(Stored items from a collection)
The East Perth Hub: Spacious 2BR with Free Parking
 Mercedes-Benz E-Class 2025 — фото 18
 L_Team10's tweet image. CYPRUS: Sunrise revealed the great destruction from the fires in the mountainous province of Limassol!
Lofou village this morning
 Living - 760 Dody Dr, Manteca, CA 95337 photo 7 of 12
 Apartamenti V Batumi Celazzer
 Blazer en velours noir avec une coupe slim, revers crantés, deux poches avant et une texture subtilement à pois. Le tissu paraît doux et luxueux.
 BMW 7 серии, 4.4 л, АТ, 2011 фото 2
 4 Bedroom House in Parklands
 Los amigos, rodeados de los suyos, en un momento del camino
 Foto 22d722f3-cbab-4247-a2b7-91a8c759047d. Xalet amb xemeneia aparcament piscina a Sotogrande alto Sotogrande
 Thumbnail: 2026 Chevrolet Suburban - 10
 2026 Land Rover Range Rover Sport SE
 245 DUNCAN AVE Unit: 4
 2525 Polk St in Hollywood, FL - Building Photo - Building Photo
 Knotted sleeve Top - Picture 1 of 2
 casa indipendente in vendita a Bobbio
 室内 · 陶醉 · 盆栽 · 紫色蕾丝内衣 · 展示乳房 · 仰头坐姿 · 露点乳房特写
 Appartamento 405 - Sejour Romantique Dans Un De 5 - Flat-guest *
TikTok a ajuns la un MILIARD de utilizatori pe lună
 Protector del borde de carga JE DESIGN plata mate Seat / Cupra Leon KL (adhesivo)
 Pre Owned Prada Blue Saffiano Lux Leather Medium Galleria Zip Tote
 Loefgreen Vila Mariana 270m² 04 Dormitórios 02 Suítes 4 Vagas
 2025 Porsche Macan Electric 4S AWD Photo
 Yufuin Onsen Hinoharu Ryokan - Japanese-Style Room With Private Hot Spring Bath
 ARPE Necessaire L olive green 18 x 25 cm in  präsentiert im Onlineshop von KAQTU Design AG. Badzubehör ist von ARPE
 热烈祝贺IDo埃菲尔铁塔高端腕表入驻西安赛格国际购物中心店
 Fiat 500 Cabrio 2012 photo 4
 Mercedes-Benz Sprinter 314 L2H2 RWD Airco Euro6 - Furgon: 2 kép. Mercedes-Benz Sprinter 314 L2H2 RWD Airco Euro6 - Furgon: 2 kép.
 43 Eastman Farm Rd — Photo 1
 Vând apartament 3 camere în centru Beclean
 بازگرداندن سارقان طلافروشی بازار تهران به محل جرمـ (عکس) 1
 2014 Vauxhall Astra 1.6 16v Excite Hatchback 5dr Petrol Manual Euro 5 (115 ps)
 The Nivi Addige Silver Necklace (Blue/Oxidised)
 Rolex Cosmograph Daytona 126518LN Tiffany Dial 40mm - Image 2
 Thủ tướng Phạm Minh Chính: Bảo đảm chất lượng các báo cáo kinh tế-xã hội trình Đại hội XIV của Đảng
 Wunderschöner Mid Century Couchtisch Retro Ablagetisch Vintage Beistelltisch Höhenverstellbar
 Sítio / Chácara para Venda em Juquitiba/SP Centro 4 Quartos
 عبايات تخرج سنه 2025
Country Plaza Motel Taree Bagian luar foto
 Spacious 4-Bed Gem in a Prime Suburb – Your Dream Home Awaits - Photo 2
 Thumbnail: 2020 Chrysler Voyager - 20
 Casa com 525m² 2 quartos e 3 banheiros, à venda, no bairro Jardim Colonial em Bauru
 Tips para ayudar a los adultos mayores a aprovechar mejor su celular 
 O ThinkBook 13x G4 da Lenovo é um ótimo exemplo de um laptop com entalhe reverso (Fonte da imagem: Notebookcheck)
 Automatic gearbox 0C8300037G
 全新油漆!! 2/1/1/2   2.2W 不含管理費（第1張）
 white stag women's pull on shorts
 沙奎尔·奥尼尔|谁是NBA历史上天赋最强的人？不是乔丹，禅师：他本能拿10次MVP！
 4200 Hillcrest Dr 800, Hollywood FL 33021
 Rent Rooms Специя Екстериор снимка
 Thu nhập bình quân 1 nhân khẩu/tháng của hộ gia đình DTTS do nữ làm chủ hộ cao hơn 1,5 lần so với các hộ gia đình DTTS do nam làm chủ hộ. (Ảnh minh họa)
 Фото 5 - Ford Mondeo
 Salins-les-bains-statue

TASK OBJECTIVE:
Your answer must be the line containing "Thumbnail: 2020 Chrysler Voyager - 20" through the last line above, copied exactly, with nothing added.

OUTPUT OF THE EXERCISE:
 Thumbnail: 2020 Chrysler Voyager - 20
 Casa com 525m² 2 quartos e 3 banheiros, à venda, no bairro Jardim Colonial em Bauru
 Tips para ayudar a los adultos mayores a aprovechar mejor su celular 
 O ThinkBook 13x G4 da Lenovo é um ótimo exemplo de um laptop com entalhe reverso (Fonte da imagem: Notebookcheck)
 Automatic gearbox 0C8300037G
 全新油漆!! 2/1/1/2   2.2W 不含管理費（第1張）
 white stag women's pull on shorts
 沙奎尔·奥尼尔|谁是NBA历史上天赋最强的人？不是乔丹，禅师：他本能拿10次MVP！
 4200 Hillcrest Dr 800, Hollywood FL 33021
 Rent Rooms Специя Екстериор снимка
 Thu nhập bình quân 1 nhân khẩu/tháng của hộ gia đình DTTS do nữ làm chủ hộ cao hơn 1,5 lần so với các hộ gia đình DTTS do nam làm chủ hộ. (Ảnh minh họa)
 Фото 5 - Ford Mondeo
 Salins-les-bains-statue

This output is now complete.